Work required: Copy each line of the records below, from the first through the one that contains "Opel-Standorte – Neumontage", exactly as written.
------ Input records
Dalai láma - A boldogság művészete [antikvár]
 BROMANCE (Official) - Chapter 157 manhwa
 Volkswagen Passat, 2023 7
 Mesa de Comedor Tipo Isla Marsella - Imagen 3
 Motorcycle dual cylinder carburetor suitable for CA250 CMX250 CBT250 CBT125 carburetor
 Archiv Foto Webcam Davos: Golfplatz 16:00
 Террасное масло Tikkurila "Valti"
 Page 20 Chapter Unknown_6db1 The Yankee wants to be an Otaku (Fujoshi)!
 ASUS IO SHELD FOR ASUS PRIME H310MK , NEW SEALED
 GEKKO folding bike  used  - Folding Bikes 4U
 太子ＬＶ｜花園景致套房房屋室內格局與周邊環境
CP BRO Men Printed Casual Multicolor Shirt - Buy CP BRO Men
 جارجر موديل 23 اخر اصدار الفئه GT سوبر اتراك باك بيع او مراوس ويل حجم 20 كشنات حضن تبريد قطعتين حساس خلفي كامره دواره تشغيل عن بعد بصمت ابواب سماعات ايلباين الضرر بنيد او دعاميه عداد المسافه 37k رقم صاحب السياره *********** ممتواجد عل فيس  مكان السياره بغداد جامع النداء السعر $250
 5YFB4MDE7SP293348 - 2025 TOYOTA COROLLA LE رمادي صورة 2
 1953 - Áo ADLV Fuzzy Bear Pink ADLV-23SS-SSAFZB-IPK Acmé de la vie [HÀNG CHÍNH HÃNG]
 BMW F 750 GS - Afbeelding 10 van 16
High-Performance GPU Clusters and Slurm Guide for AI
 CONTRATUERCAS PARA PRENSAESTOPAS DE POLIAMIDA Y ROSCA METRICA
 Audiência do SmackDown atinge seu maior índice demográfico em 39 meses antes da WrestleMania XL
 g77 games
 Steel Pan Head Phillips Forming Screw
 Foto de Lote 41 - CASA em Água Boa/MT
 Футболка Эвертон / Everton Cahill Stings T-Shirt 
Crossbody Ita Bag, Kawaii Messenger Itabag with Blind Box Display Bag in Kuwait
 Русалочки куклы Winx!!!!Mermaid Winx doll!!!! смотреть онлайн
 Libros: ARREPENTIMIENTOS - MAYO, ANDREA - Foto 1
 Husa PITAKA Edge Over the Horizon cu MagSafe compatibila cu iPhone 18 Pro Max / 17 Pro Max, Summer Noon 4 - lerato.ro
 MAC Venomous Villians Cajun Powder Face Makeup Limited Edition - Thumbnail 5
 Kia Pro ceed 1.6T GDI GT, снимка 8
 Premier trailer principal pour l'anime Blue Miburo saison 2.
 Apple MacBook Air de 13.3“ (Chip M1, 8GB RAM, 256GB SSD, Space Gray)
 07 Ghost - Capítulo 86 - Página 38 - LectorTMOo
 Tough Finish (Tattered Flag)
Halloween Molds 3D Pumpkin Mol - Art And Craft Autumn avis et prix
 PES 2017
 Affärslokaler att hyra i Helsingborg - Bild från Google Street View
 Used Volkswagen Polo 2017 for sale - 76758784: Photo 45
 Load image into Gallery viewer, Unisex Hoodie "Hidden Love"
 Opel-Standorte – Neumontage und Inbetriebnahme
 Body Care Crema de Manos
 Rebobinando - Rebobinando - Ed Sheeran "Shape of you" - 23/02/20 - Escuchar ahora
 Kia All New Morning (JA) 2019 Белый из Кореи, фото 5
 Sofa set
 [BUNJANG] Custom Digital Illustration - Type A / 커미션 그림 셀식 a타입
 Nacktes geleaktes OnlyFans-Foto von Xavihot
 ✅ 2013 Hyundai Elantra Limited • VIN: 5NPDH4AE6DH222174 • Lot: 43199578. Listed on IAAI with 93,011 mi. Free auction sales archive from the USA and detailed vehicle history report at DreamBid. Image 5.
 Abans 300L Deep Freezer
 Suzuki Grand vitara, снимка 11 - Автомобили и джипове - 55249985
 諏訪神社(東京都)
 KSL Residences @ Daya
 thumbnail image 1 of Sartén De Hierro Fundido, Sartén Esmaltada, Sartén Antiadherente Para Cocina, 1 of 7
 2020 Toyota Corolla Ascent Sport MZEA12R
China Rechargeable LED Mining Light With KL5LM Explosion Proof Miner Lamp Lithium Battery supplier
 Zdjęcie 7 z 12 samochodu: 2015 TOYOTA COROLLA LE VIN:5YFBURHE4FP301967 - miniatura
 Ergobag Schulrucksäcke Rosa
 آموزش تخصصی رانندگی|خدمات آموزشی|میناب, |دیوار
------------
Result:
Dalai láma - A boldogság művészete [antikvár]
 BROMANCE (Official) - Chapter 157 manhwa
 Volkswagen Passat, 2023 7
 Mesa de Comedor Tipo Isla Marsella - Imagen 3
 Motorcycle dual cylinder carburetor suitable for CA250 CMX250 CBT250 CBT125 carburetor
 Archiv Foto Webcam Davos: Golfplatz 16:00
 Террасное масло Tikkurila "Valti"
 Page 20 Chapter Unknown_6db1 The Yankee wants to be an Otaku (Fujoshi)!
 ASUS IO SHELD FOR ASUS PRIME H310MK , NEW SEALED
 GEKKO folding bike  used  - Folding Bikes 4U
 太子ＬＶ｜花園景致套房房屋室內格局與周邊環境
CP BRO Men Printed Casual Multicolor Shirt - Buy CP BRO Men
 جارجر موديل 23 اخر اصدار الفئه GT سوبر اتراك باك بيع او مراوس ويل حجم 20 كشنات حضن تبريد قطعتين حساس خلفي كامره دواره تشغيل عن بعد بصمت ابواب سماعات ايلباين الضرر بنيد او دعاميه عداد المسافه 37k رقم صاحب السياره *********** ممتواجد عل فيس  مكان السياره بغداد جامع النداء السعر $250
 5YFB4MDE7SP293348 - 2025 TOYOTA COROLLA LE رمادي صورة 2
 1953 - Áo ADLV Fuzzy Bear Pink ADLV-23SS-SSAFZB-IPK Acmé de la vie [HÀNG CHÍNH HÃNG]
 BMW F 750 GS - Afbeelding 10 van 16
High-Performance GPU Clusters and Slurm Guide for AI
 CONTRATUERCAS PARA PRENSAESTOPAS DE POLIAMIDA Y ROSCA METRICA
 Audiência do SmackDown atinge seu maior índice demográfico em 39 meses antes da WrestleMania XL
 g77 games
 Steel Pan Head Phillips Forming Screw
 Foto de Lote 41 - CASA em Água Boa/MT
 Футболка Эвертон / Everton Cahill Stings T-Shirt 
Crossbody Ita Bag, Kawaii Messenger Itabag with Blind Box Display Bag in Kuwait
 Русалочки куклы Winx!!!!Mermaid Winx doll!!!! смотреть онлайн
 Libros: ARREPENTIMIENTOS - MAYO, ANDREA - Foto 1
 Husa PITAKA Edge Over the Horizon cu MagSafe compatibila cu iPhone 18 Pro Max / 17 Pro Max, Summer Noon 4 - lerato.ro
 MAC Venomous Villians Cajun Powder Face Makeup Limited Edition - Thumbnail 5
 Kia Pro ceed 1.6T GDI GT, снимка 8
 Premier trailer principal pour l'anime Blue Miburo saison 2.
 Apple MacBook Air de 13.3“ (Chip M1, 8GB RAM, 256GB SSD, Space Gray)
 07 Ghost - Capítulo 86 - Página 38 - LectorTMOo
 Tough Finish (Tattered Flag)
Halloween Molds 3D Pumpkin Mol - Art And Craft Autumn avis et prix
 PES 2017
 Affärslokaler att hyra i Helsingborg - Bild från Google Street View
 Used Volkswagen Polo 2017 for sale - 76758784: Photo 45
 Load image into Gallery viewer, Unisex Hoodie "Hidden Love"
 Opel-Standorte – Neumontage und Inbetriebnahme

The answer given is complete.